オバサンの独り言

 

 新緑の美しい季節になった。ビアガーデンはもとより、オープンカフェ、公園、川や湖、プールは初夏のような晴天を満喫する人々で賑わっている。ドイツ人は日光浴が大好きな国民である。

 しかし、例年よりも暑い春の訪れに地球温暖化の影響も憂慮される。4月は雨がほとんど降らなかったため、農作物に被害が出始めている。山火事警報も出された。

 また、今年は暖冬の影響でバイエルン州のダニ(Zecken)危険地域が拡大しており、ダニがミュンヘン近郊にまで迫ってきた。医者は予防接種を受けるよう呼びかけている。

 ビアガーデンで焼きソーセージを食べ、生ビールを飲みながら地球温暖化の不安を吹き飛ばしていると、今度はドイツがEU肥満ランキングで不名誉な1位になったというニュースが飛び込んできた。脂肪と糖分の摂りすぎ、運動不足、ビールが原因だという。周りを見渡して、うーん、・・・納得。

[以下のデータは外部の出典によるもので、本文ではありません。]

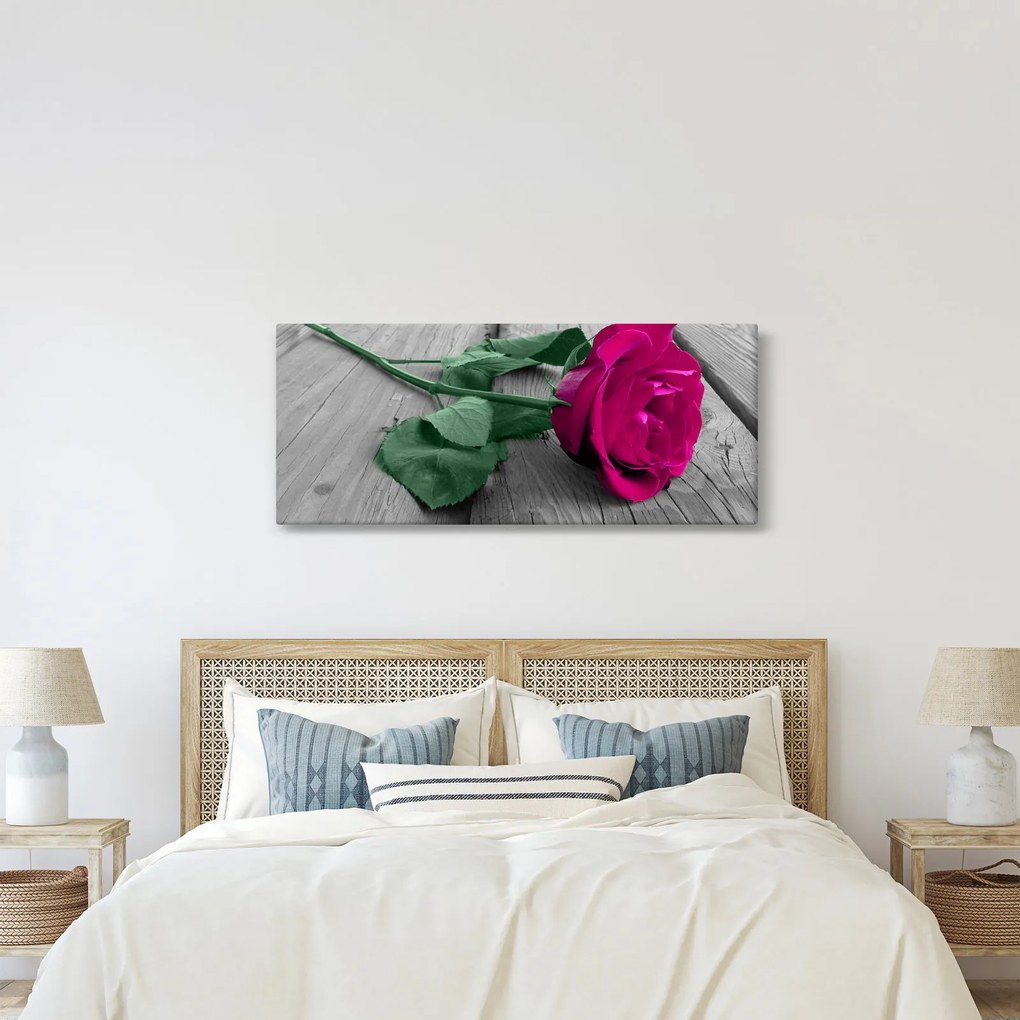 Tablou - Trandafir roz cu tulpina verde (120x50 cm)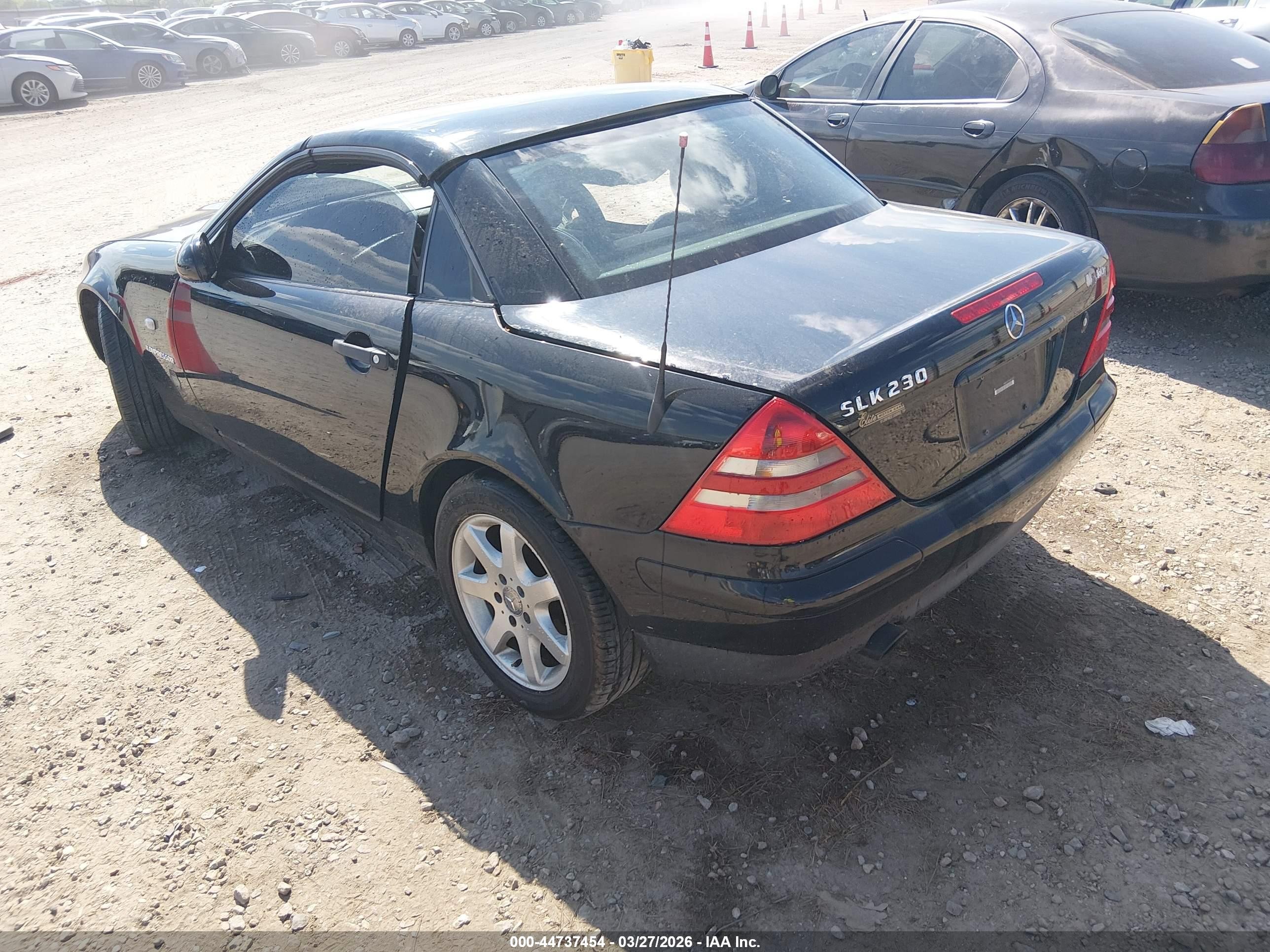 1998 Mercedes-benz Slk 230   Black vin: WDBKK47FXWF074275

 ドイツ人はよく米国人の肥満を揶揄してきたが、世界肥満ランキングでドイツが米国に並んだというのだから、これは深刻である。早速、ゼーホーファー連邦消費者保護大臣は、国民の健康意識を強化するために、健康な食生活と適度な運動を促進する基本方針を5月に提示すると発表した。学校での啓蒙活動も計画しているという。

 若者の間では拒食症も大きな問題になっている。最近では拒食症が若い女性だけでなく、男性にも見られるようになった。健全な食生活は喫煙やアルコールの問題と共に、学校で啓蒙すべきテーマだと思う。

 最近、16歳の若者がお酒飲み放題のバーで飲みすぎて意識不明になり、死亡した事件があった。飲み放題のバーや居酒屋が若者に人気がある。ウオッカやテキーラのようなアルコール度の高いお酒を競ってがぶ飲みするのだから堪ったものではない。

 2006年度犯罪統計では、犯罪件数は減少しているが、残忍な暴力犯罪は増えていることが明らかになった。若者の間では暴力が「シック」になっているという。暴力のための暴力を楽しむという「新しい若者文化」では、残忍性がエスカレートしていく。

 これらのニュースを聞くたびに、節度のない社会になったとつくづく思う。「これ以上飲んだら、これ以上殴ったら、これ以上・・・したら危険だ」という、超えてはならない限度を見極める常識的感覚に欠けているのではないか。

 結局のところ、地球温暖化も節度のない人間が世界規模で引き起こしている問題ではないだろうか。限度を見極めて自制する節度が欠如しているのである。物質的に豊かな生活に慣れてしまった現代人が「古臭い」と冷笑してきた節度を取り戻さない限り、社会と自然の秩序は乱れるばかりである。